Problem requirements: Your task is to reproduce the listing exactly, without its images.

** Opening Supplied data block **

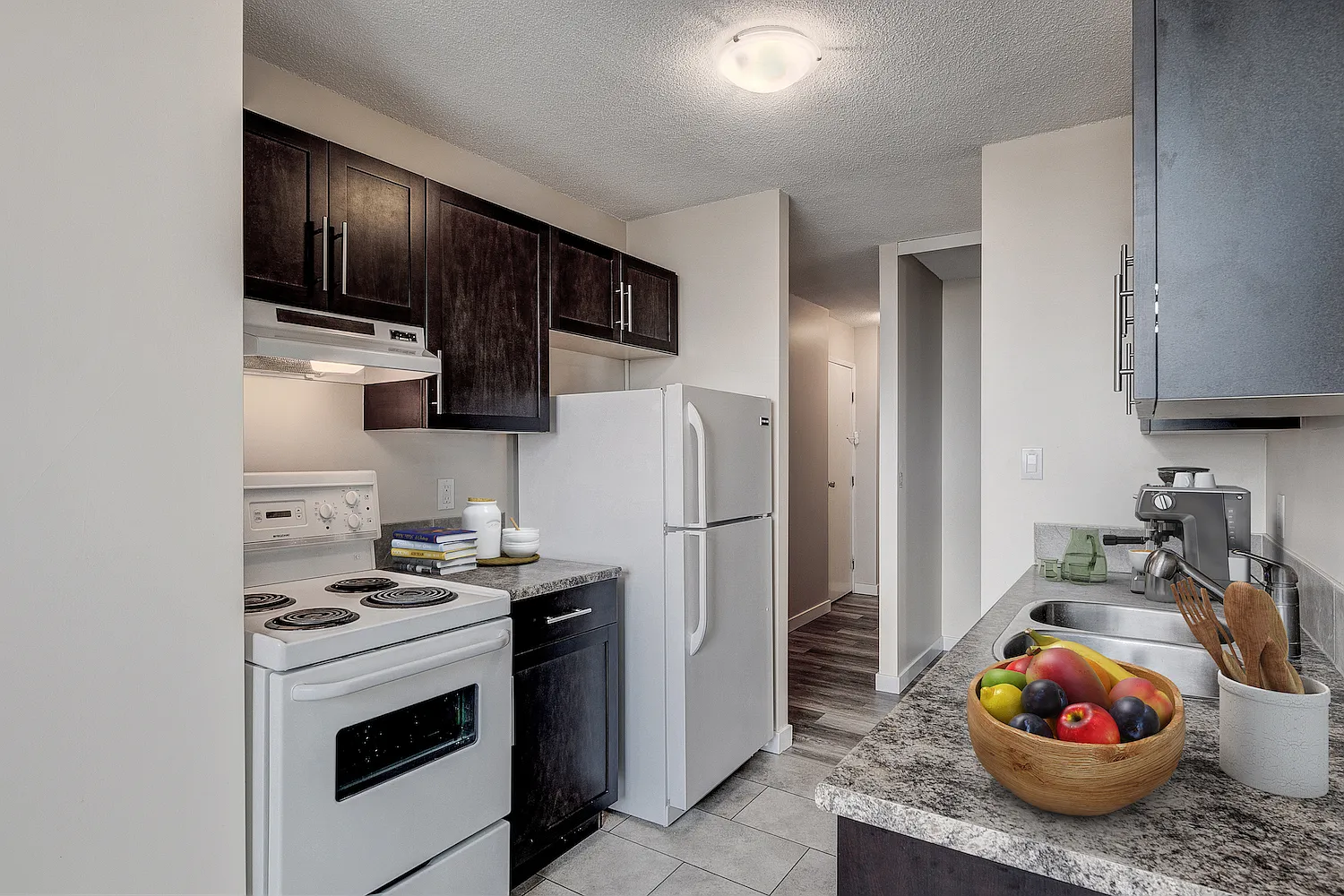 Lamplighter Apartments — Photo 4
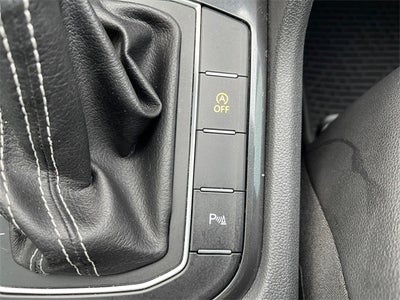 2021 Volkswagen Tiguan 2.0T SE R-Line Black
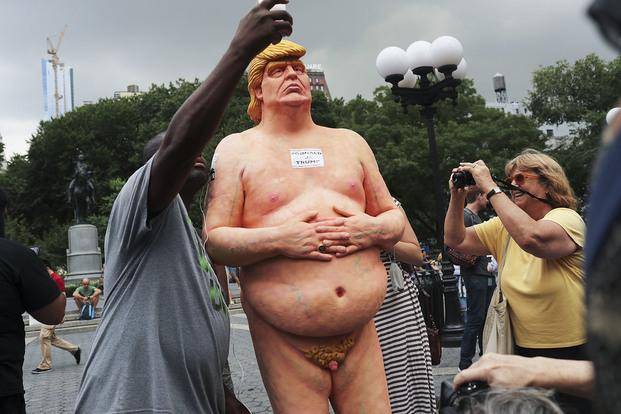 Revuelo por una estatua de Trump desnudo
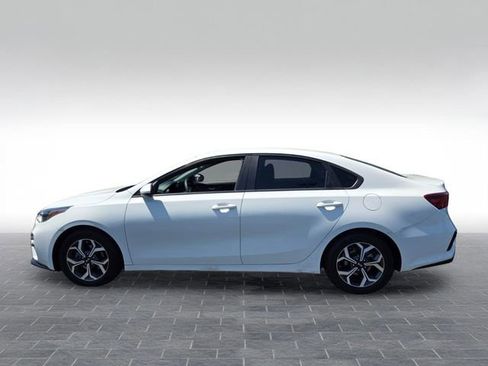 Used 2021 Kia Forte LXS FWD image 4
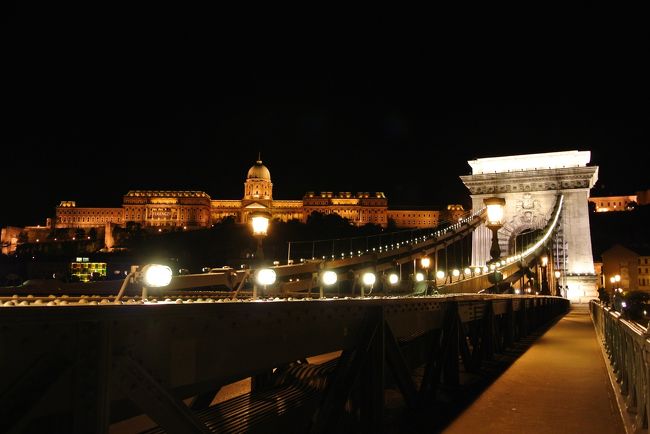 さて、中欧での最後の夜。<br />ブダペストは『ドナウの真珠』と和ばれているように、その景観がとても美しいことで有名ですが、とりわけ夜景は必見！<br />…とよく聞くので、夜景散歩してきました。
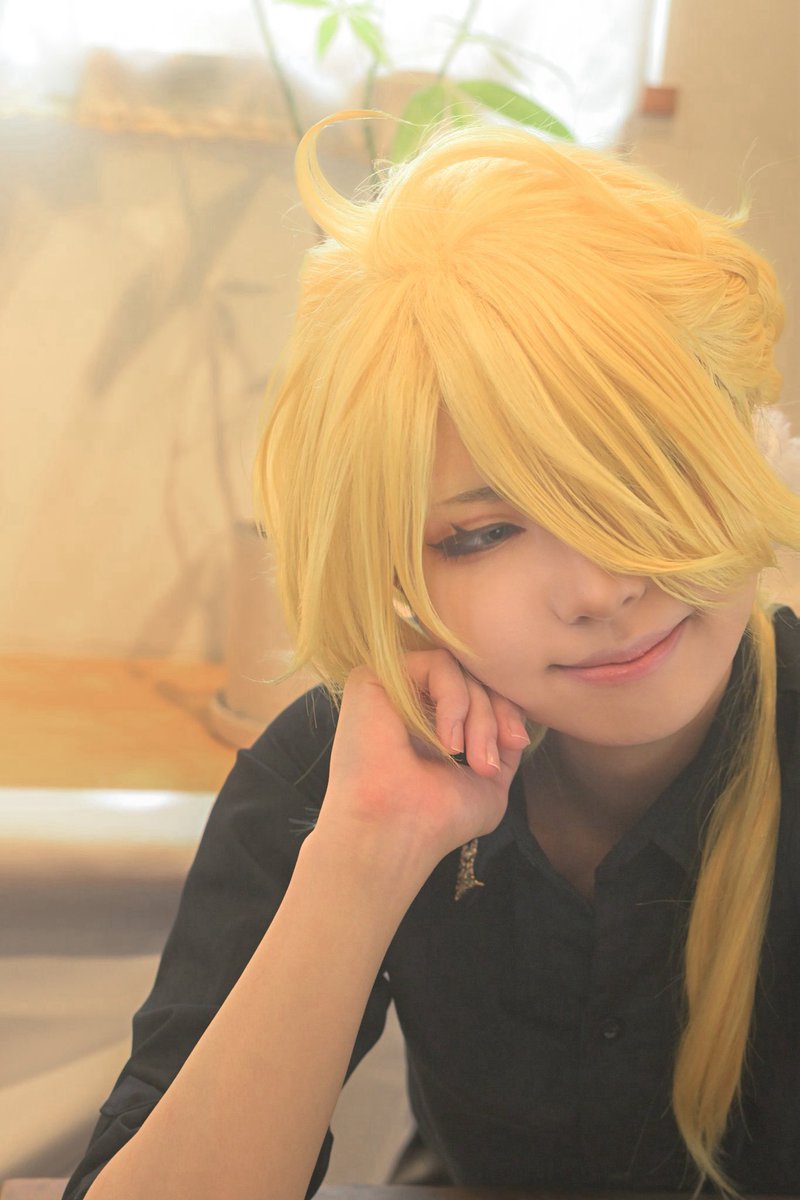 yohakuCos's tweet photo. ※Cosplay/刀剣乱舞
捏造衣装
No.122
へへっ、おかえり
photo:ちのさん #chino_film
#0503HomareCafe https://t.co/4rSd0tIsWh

** Closing Supplied data block **

Exercise response:
 Lamplighter Apartments — Photo 4
 2021 Volkswagen Tiguan 2.0T SE R-Line Black
 Revuelo por una estatua de Trump desnudo
 Used 2021 Kia Forte LXS FWD image 4
 さて、中欧での最後の夜。<br />ブダペストは『ドナウの真珠』と和ばれているように、その景観がとても美しいことで有名ですが、とりわけ夜景は必見！<br />…とよく聞くので、夜景散歩してきました。
 yohakuCos's tweet photo. ※Cosplay/刀剣乱舞
捏造衣装
No.122
へへっ、おかえり
photo:ちのさん #chino_film
#0503HomareCafe https://t.co/4rSd0tIsWh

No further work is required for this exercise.